Saldırıların hedefinde olan diş hekimleri en çok zarar görenlerden. Sağlık Bakanlığına bağlı kurumlar, üniversite ve özel sağlık kurumlarında ağız ve diş sağlığı hizmetlerini eksik sayıyla, emekliliğe yansımayan düşük ücretler, angarya koşullarında mobbing ve liyakatsiz yöneticilerin idareciliklerinde çalışmaya zorlanan diş hekimlerinin sayısı yüz bin kişiye kadar düştü.

'DİŞ HEKİMLERİNİN EĞİTİM İHTİYACI PİYASANIN İNSAFINA BIRAKILDI'
Diş hekimlerinin maruz kaldıklarına ilişkin açıklama yapan Sağlık ve Sosyal Hizmet Emekçileri Sendikası (SES) MYK, "MHRS Sisteminin çökmüş olması; randevu sürelerindeki yetersizlikten kaynaklı nitelikli sağlık hizmeti sunmak imkânsız hale gelmiş durumdadır. Bu aynı zamanda toplumun, sağlık hizmetine erişimine en büyük engel olmaktadır.

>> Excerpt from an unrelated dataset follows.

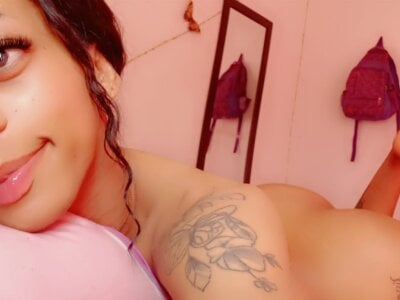 web cam porno Sarhabymendez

Bakanlık karşılanamayan randevu talebini randevu süreleri azaltıp daha fazla randevu vererek hem hekimleri çalışamaz duruma getirmekte hem de randevu bekleyen hastalarla, sağlık emekçilerini karşı karşıya getirmektedir. Sağlıkta şiddetinin önemli nedeni de burada yatmaktadır. Ağız ve diş sağlığı hizmetlerinde kullanılan malzemelerin kalitesinin düşüklüğü hem hekimleri hem de toplum sağlığını doğrudan etkilemektedir. Uzun yıllardır sadece erişilebilir sağlık hizmeti sunma hedefinde olan Sağlık Bakanlığı kamusal, erişilebilir, nitelikli ve anadilinde sağlık hizmeti görevini yerine getirmelidir. Alt yapı ve öğretim üyesi olmadan açılan üniversiteler diş hekimlerinin yeterli eğitimi almadan meslek hayatına başlamalarına neden olmaktadır. Meslek içi eğitimlerle diş hekimlerin eğitim ihtiyacı piyasanın insafına bırakılmıştır" dedi.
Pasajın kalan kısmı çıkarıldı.